Of course fish still contains EPA and DHA, and you will probably have enough of these omega-3 fatty acids if you eat fatty fish 2-3 times a week. However, you can be sure that you will also get your dose (or big dose, depending on the fish) of highly toxic pollutants. We should take into very serious consideration that our oceans are full of mercury and other heavy metals, plastics as well as polychlorinated biphenyls (PCBs) and other pollutants.

PCBs are dangerous pollutants present in fish (and also found in dairy, hamburgers and poultry), that can lead to long-term neurological, immunological and hormonal problems: increased rates of autoimmune diseases, cognitive and behavioral problems, hypothyroidism as well as a reduced ability to fight infection [1]. Also, they seem to be a risk factor for type 2 diabetes [2]. A recent prospective study also demonstrated that women with the highest PCB exposure had almost 3 times the risk of having an hemorrhagic stroke compared to women with the lowest exposure [3]. Exposure to PCBs is particularly dangerous for the fetus. For example, a study published in the Lancet found that prenatal PCBs exposure inhibited mental and motor development [4]. Many other studies have also demonstrated several detrimental effects of PCBs, as reviewed in [1].

As you may know, mercury is a neurotoxin [5, 6] (meaning, is toxic for the brain), that is present in fish and that can be particularly detrimental to the fetus and children [7-11]. Studies have been showing that the more fish you eat, the more mercury can be detected in your hair [12, 13]. Beyond mercury, people who eat a lot of fish have also increased blood levels of arsenic and lead [14].

So, does the omega-3 content in fish compensate for its high toxic load? Well, it will of course depend on the amount you eat and which fish you eat, as in general, the larger the fish, the longer it has lived and the more toxins it accumulated. While some studies showed that eating fish regularly could be beneficial for preventing some diseases, others showed no association, or even a detrimental effect of fish consumption. Scientists have proposed that the inconsistent findings on the effects of fish consumption on human health by several studies might be due to the harmful contaminants in fish [15].
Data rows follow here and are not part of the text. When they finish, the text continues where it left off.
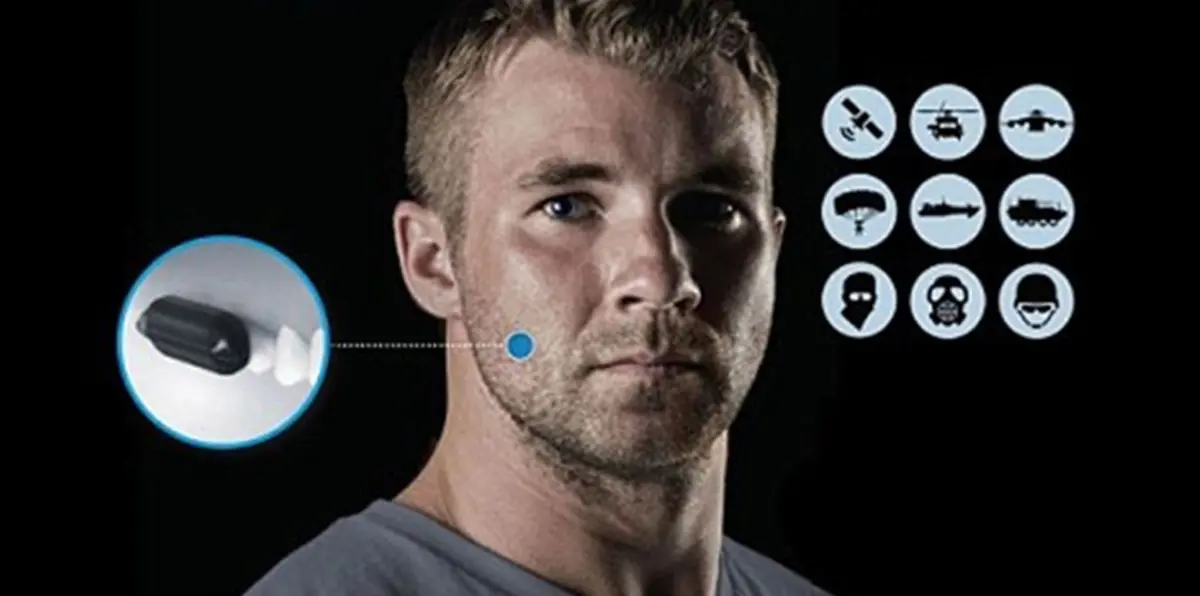 الجيش الأمريكي يكشف عن أجهزة اتصال يمكن زراعتها في أسنان الجنود (صور)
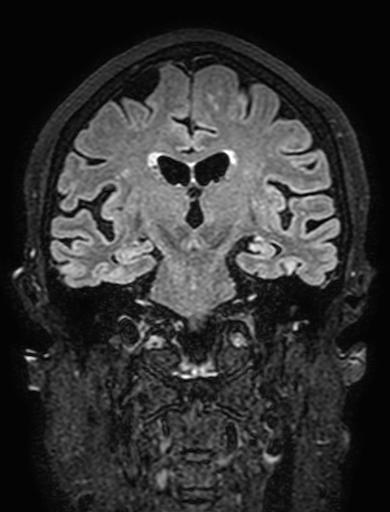 Cavernous hemangioma of the cerebellar falx (Radiopaedia 73025-83724 Coronal FLAIR 185).jpg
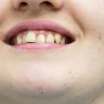 Diş Kayması Belirtileri ve Nasıl Düzeltilir?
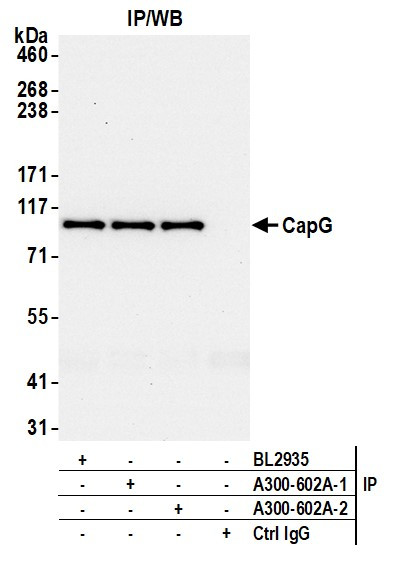 CAP-G Antibody in Immunoprecipitation (IP)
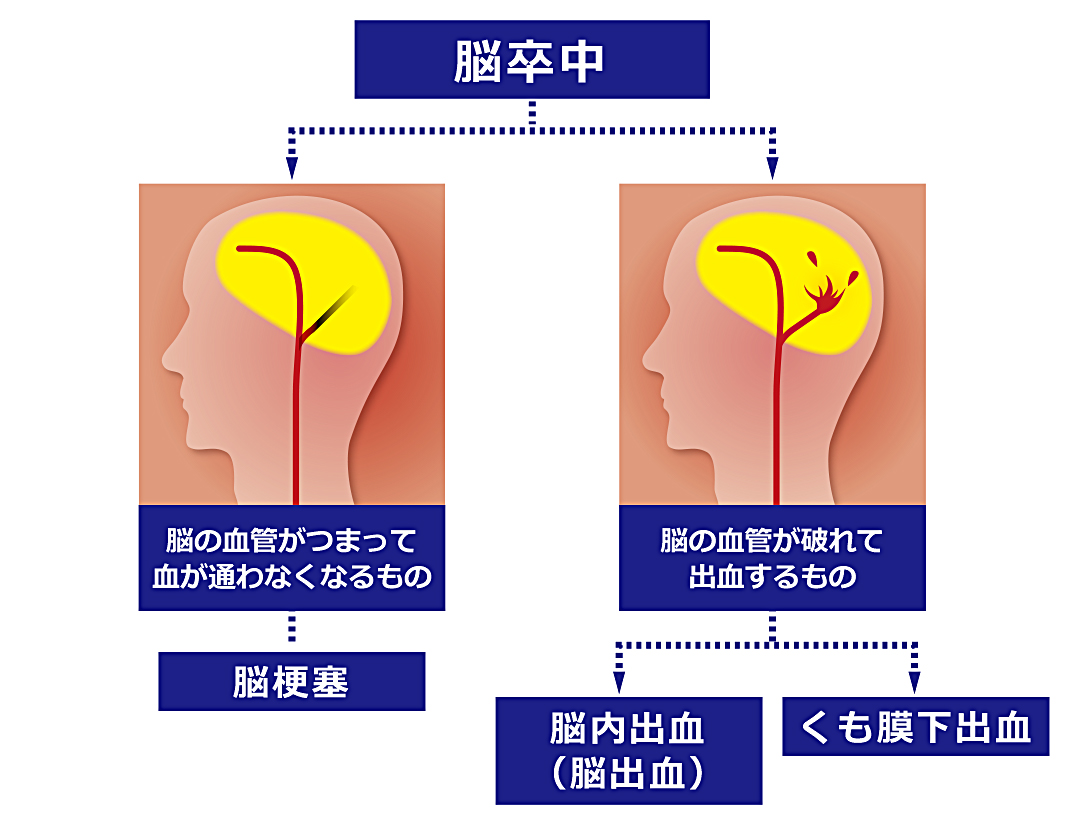 脳卒中と脳梗塞の違いを専門医が解説！命を守る初期症状と対応策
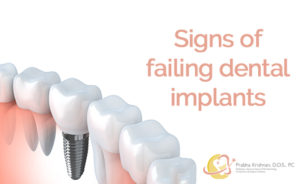 Save dental implants with LAPIP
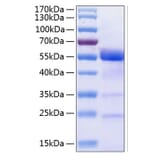 SDS-PAGE - Recombinant Human Osteopontin Protein (C-terminal His Tag) (A331131) - Antibodies.com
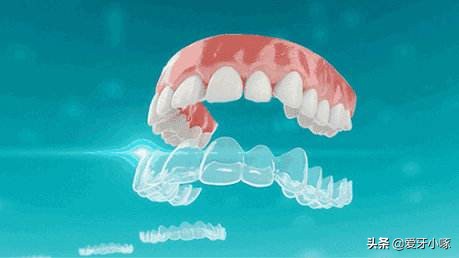 时代天使隐形矫正多少钱,时代天使隐形矫正收费标准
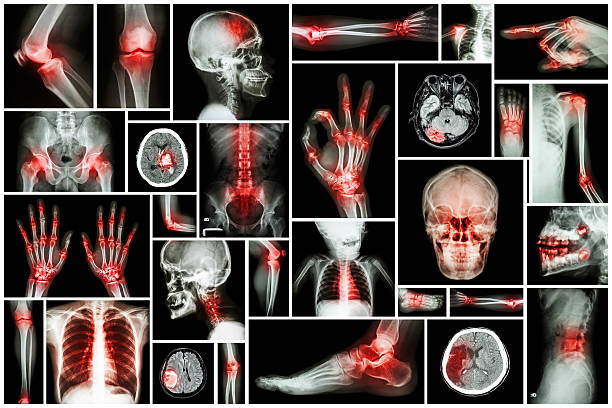 istock X-ray multiple part of human with multiple disease 536247809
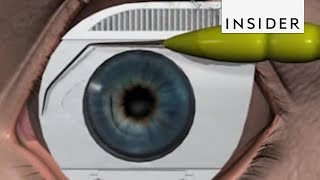 How LASIK Eye Surgery Is Performed [upl. by Squires453]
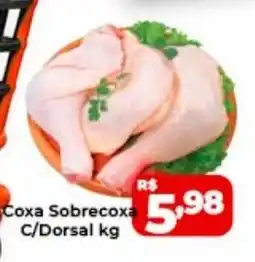 Super Rede Atacadista Coxa Sobrecoxa C/Dorsal oferta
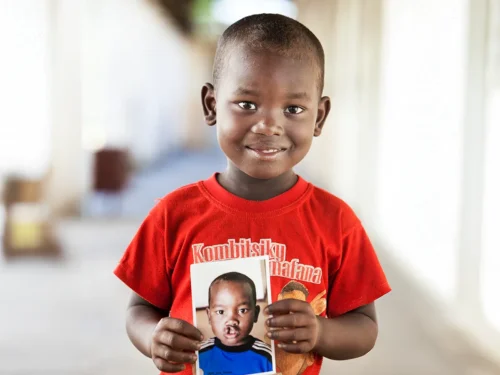 Tommy Vavatenina from Madagascar. After Surgery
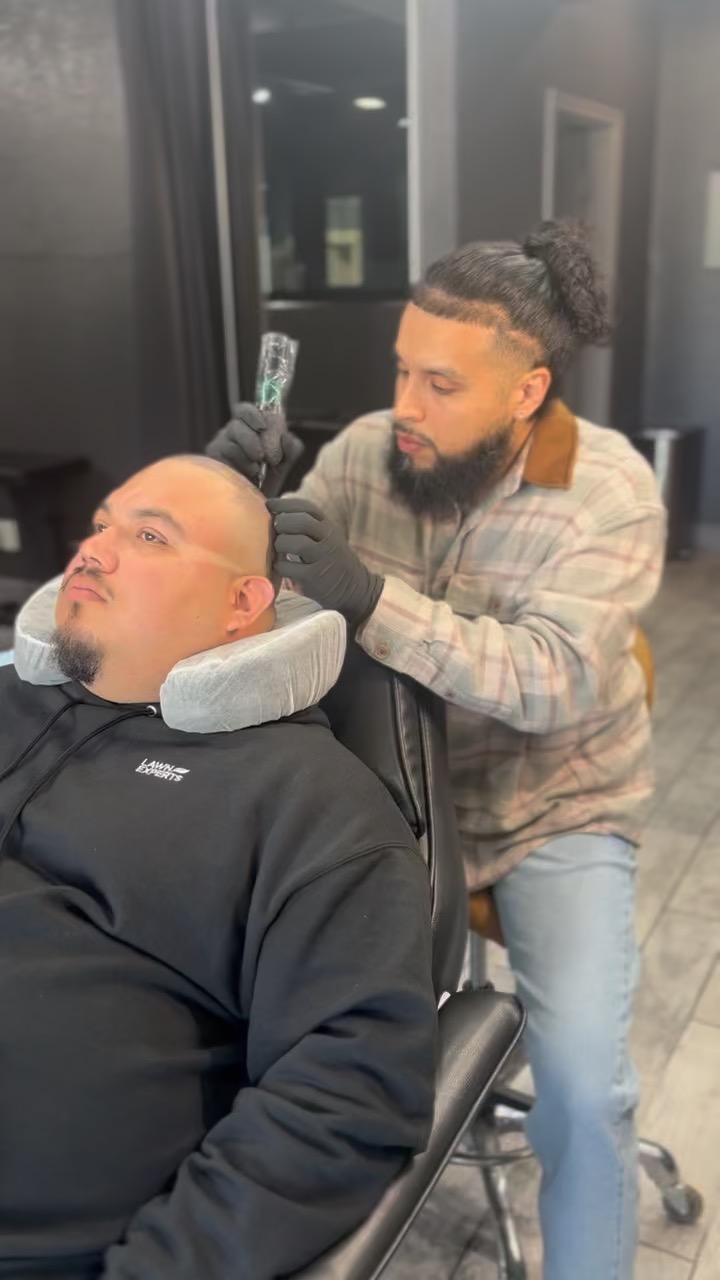 Side view of scalp micro pigmentation work in progress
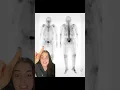 Nuclear Medicine Exams Explained Whole Body Bone Scan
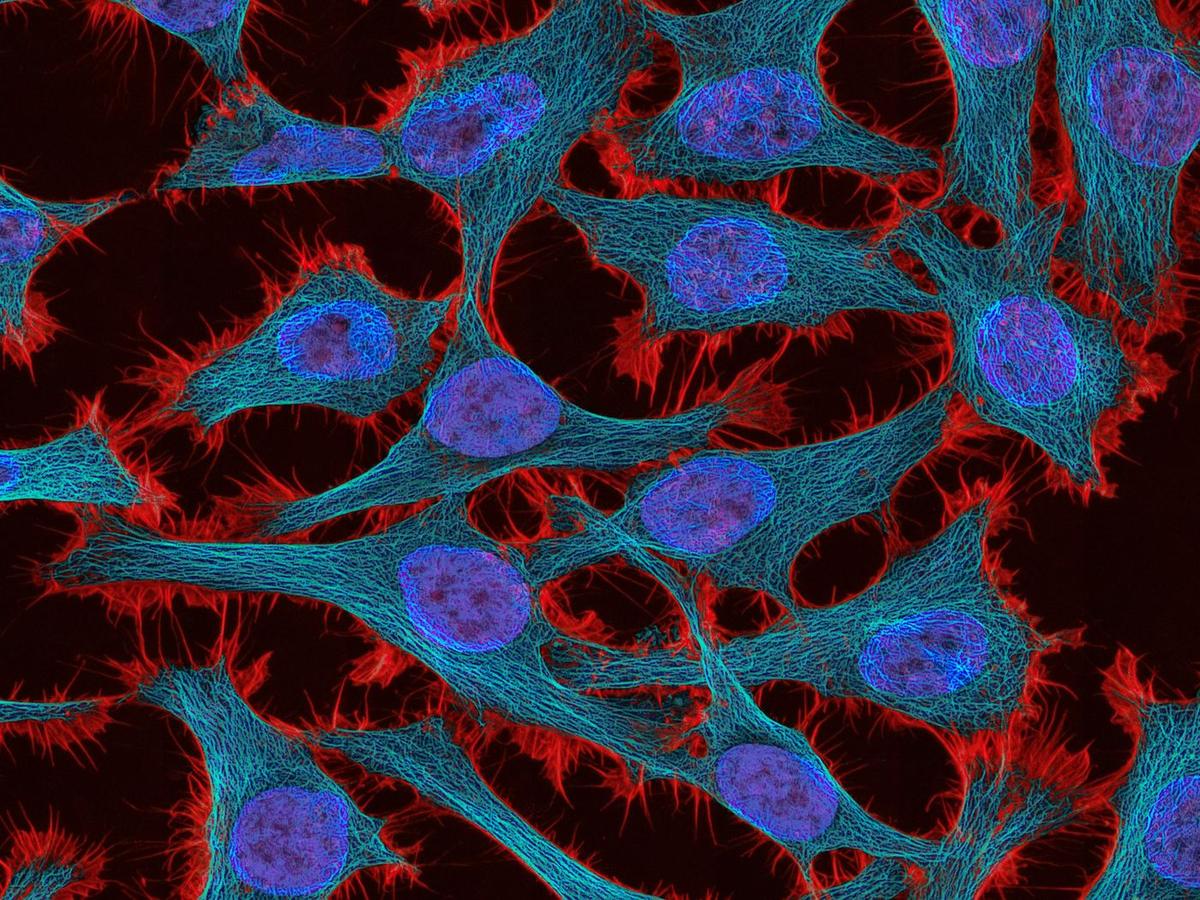 Fluorescence microscopy image of cells with blue nuclei and red and teal cytoskeleton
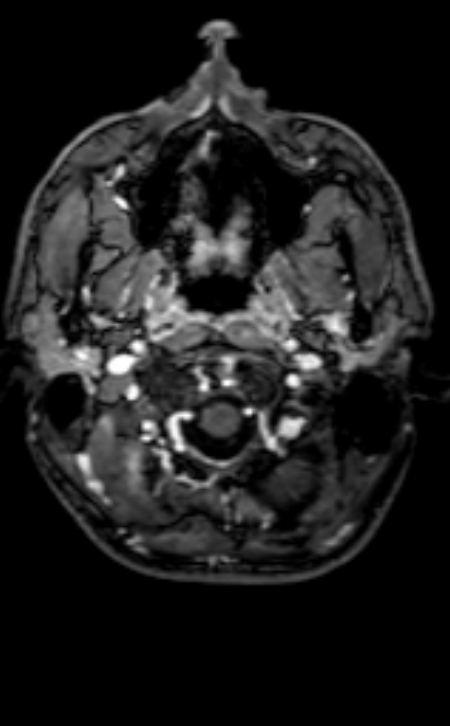 Neuro-Behçet disease (Radiopaedia 90112-107294 Axial T1 C+ 198).jpg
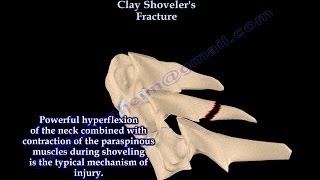 Clay Shovelers Fracture of the cervical spine  Everything You Need To Know  Dr Nabil Ebraheim [upl. by Teriann]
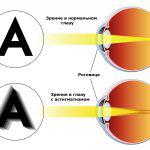 Care este astigmatismul ochilor la adulți cu simptome și tratament, semne și cauze, este posibil să se vindece
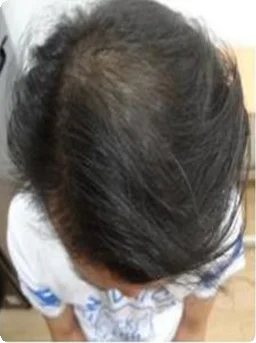 Før — Indiba capilar – densidad del cabello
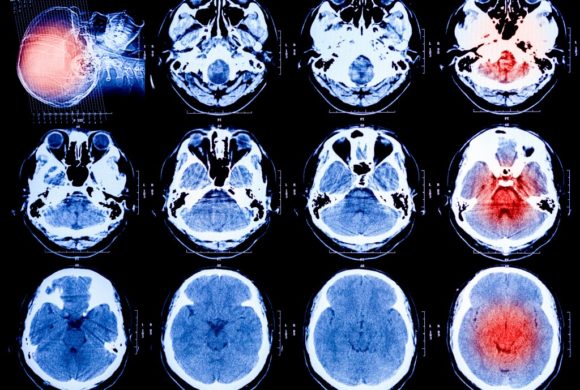 brain scan images Queener Law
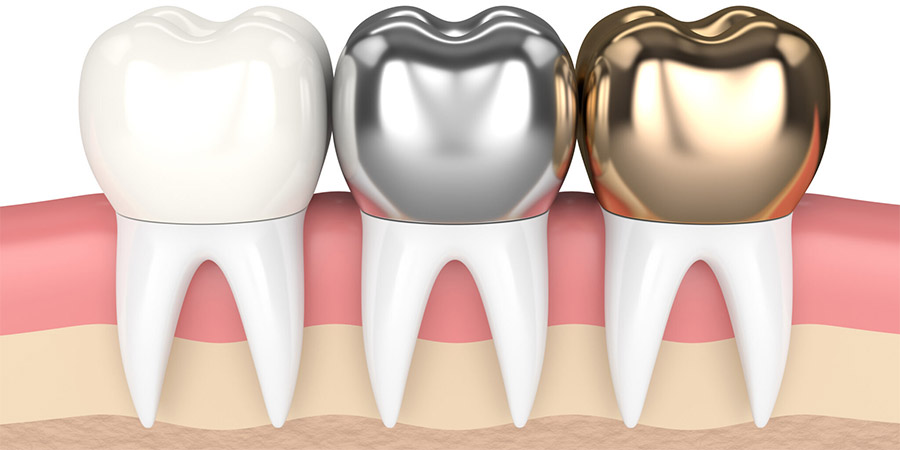 Types d'implants dentaires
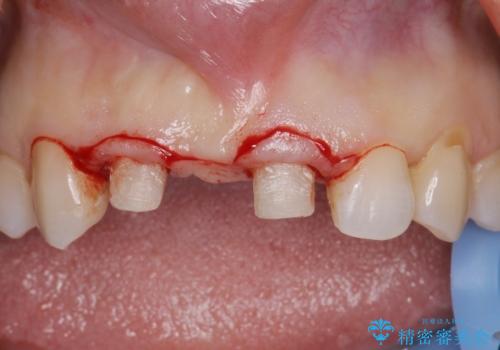 外れやすい前歯のブリッジ しっかりとした治療を受けたいの治療中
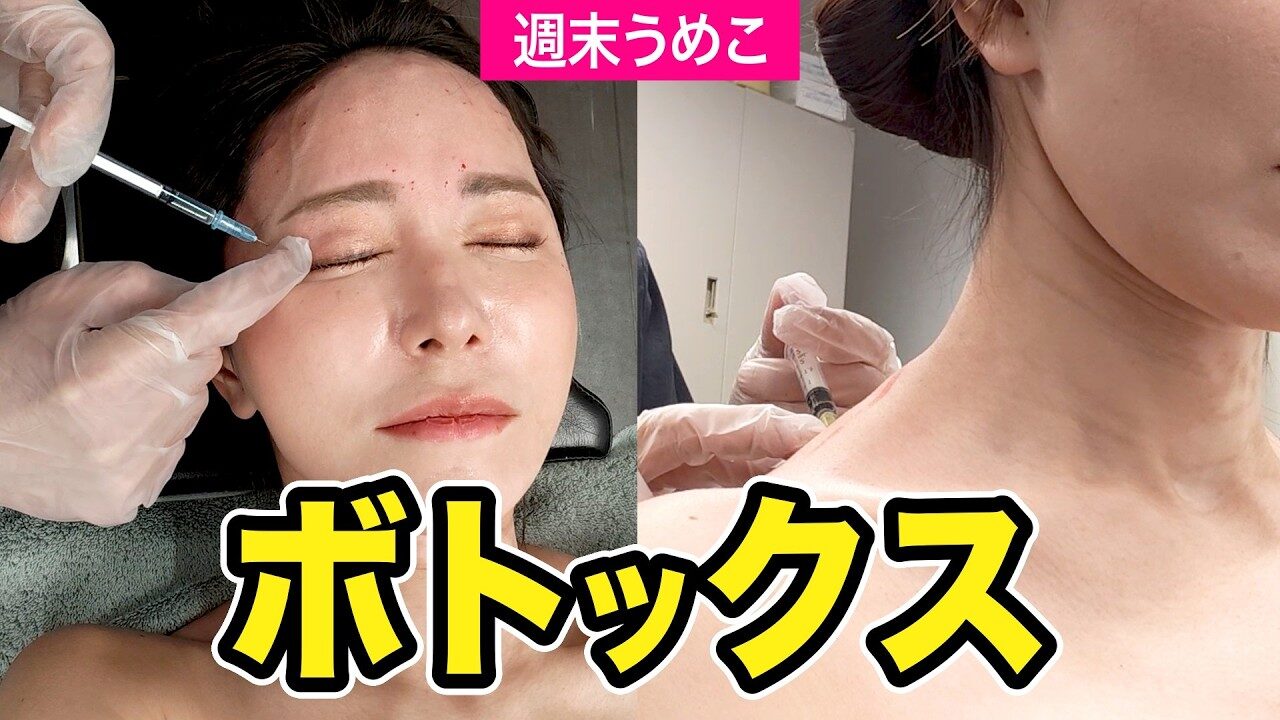 美容医療は何から始める？ボトックスが検討しやすい理由と部位の選び方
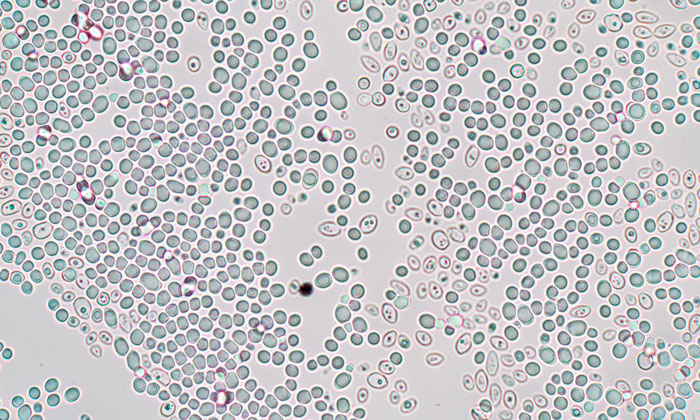 protein abundance in yeast cell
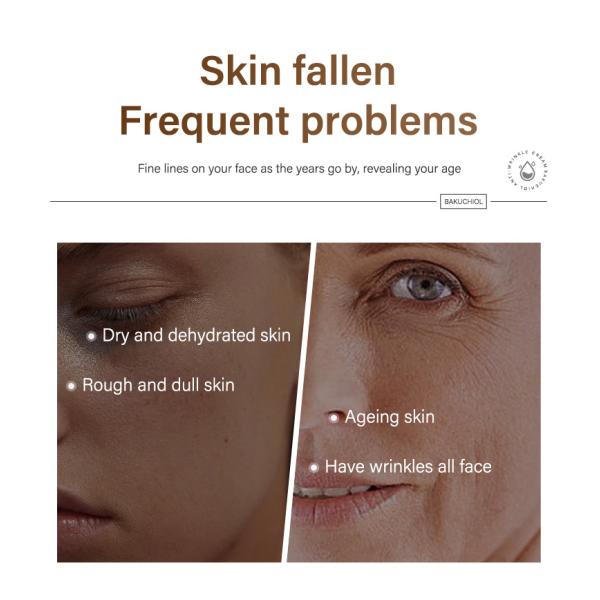 Крем против морщин, отбеливающий, отбеливающий лицо, крем для ухода за кожей 50 мл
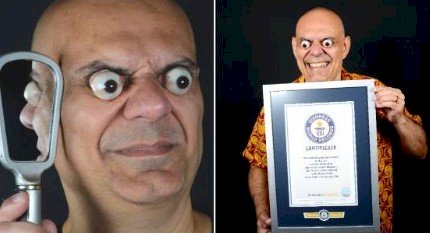 Brasileiro entra para o Guiness com os olhos mais esbugalhados do mundo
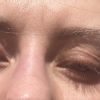 Wieso sind meine Augen so faltig nach Blephoraplasty?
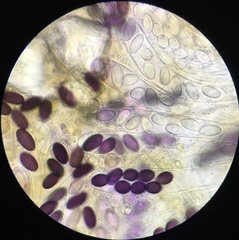 Ascobolus furfuraceus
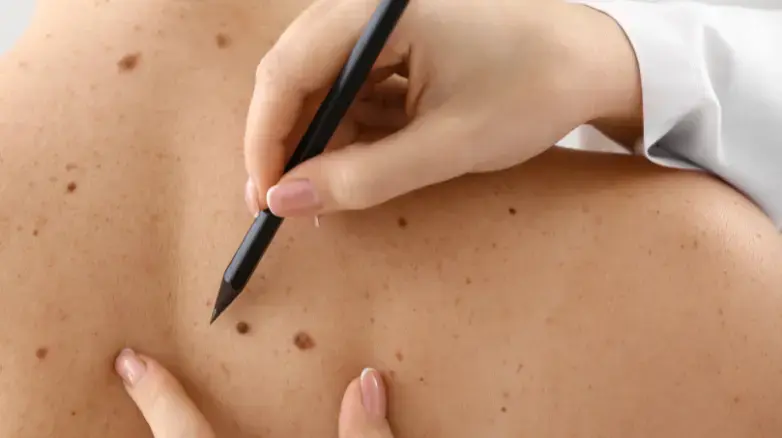 An approach to pigmented skin lesions (Nurses)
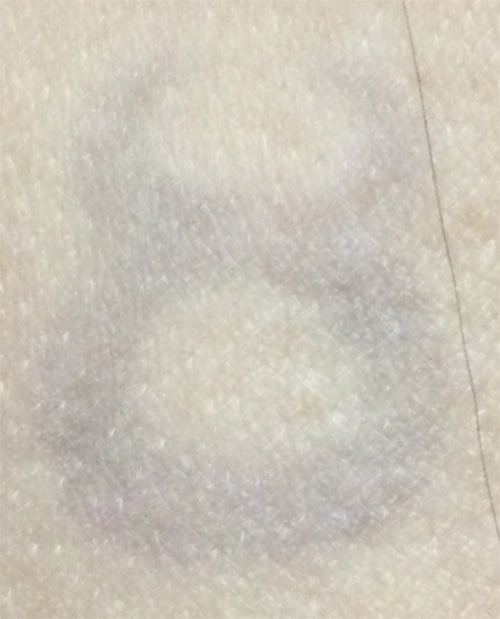 After Image: Laser Tattoo Removal - front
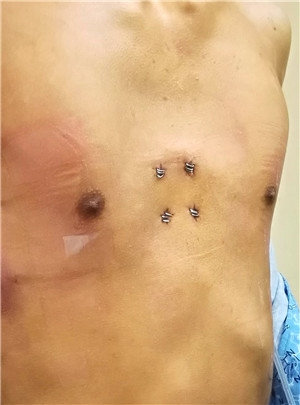 胸外科采用新技术成功治疗一名重度漏斗胸患者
An interesting study on fish consumption during pregnancy compared the risk-benefit of fish consumption for the child – benefit due to the presence of DHA and risk due to the presence of mercury [16]. They measured the mercury and DHA content of 33 fish species and studied the net effect of these compounds on the kids’ IQ score. In their own words:

For most fish species the adverse effect of MeHg [methylmercury] on the IQ score exceeded the beneficial effect of DHA.

But some fish species were particularly worse than others: long-living predators, like tuna or swordfish, which have a very high mercury content, had the worst effects on IQ [16]. On the other hand,  smaller fishes, like wild salmon, sardines, herring and mackerel, had a neutral or even a small positive effect [16].

However, there is another way you can get all the benefits of omega-3 fatty acids without being exposed to toxic compounds, as I will explain below.

Besides pollutants, there are also serious environmental and sustainability concerns with fish and fish oils intake.  It has been considered by many scientists that this is not a sustainable long-term approach [17] to increase our EPA and DHA levels as the world’s fish stocks are declining [18]. Aquaculture (fish farming) has also been used as a source of fish for consumption, but this practice has been associated with damage to and pollution of sensitive ecological areas [17, 19].

Therefore, taking the health and sustainability into account my recommendation for you is: if you do like to eat fish, try not to consume it in a regular basis and when you eat it, opt always for smaller fishes like sardines, wild (Alaskan) salmon, anchovies, herring or mackerel, which have been shown to have the lowest amount of pollutants. Sardines are one of the most concentrated sources of omega-3 fatty acids, and at the same time they are among the fish with the lowest mercury content. However, sardines from the Atlantic and from the Mediterranean have a very serious sustainability problem, and in fact the “Seafood Watch program” recommends to avoid them due to this problem [20]. Sardines from the Pacific, however, seem to have for now a smaller sustainability problem and are still recommended.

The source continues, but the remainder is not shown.